The trees that cover Ruppert Cos.’ 600-acre nursery in Laytonsville now share a small parcel of land with 988 deep metallic blue solar panels that will supply power to the landscaper’s five-building headquarters.
The company began construction on a new, eco-conscious campus three years ago and the $1 million solar field, a third of which is financed by a federal tax credit, promises to erase its $35,000 annual electric bill.
The company exemplifies what industry observers have described as an increase in the number of business and homeowners who have embraced solar energy as the price of technology comes down and installers reform their business models to allay steep up-front costs.
President Craig Ruppert said the company has hung its shingle in several locations across Montgomery County since 1977, but for the first time the economics of building green offices proved favorable to its bottom line.
“Was it thought about [in the past]? Maybe a little bit. Was it seriously incorporated into plans? No,” Ruppert said. “The economics weren’t as compelling 10 years ago. The cost of electricity has gone up. The cost of gas has gone up. So I think economics is driving our gradual migration toward going green.”

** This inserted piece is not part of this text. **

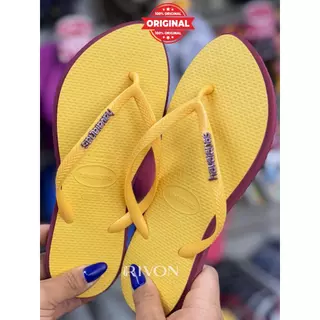 Chinelos Havaianas slim point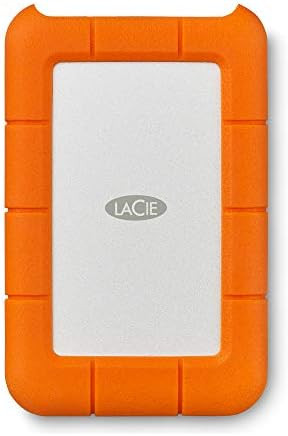 LaCie Rugged Mini 2TB External Hard Drive Portable HDD - USB 3.0/ 2.0 Compatible, Drop Shock Dust... | Amazon (US)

The U.S. Solar Market Insight report, published quarterly by the Solar Energy Industry Association and GTM Research, found that 252 megawatts of solar power capacity were created nationwide during the first three months of the year. That’s a 66 percent increase over the same period in 2010.
The demand has kept companies like Rockville-based Standard Solar busy with installation projects around the Washington region, which has emerged along with the rest of the Mid-Atlantic as a hot market for solar power.
In 2004 “when we first started out doing projects . . . it was very much people who were doing it for a statement because it was good for the environment,” said President Scott Wiater. “Nowadays, it’s almost all strictly financial based.”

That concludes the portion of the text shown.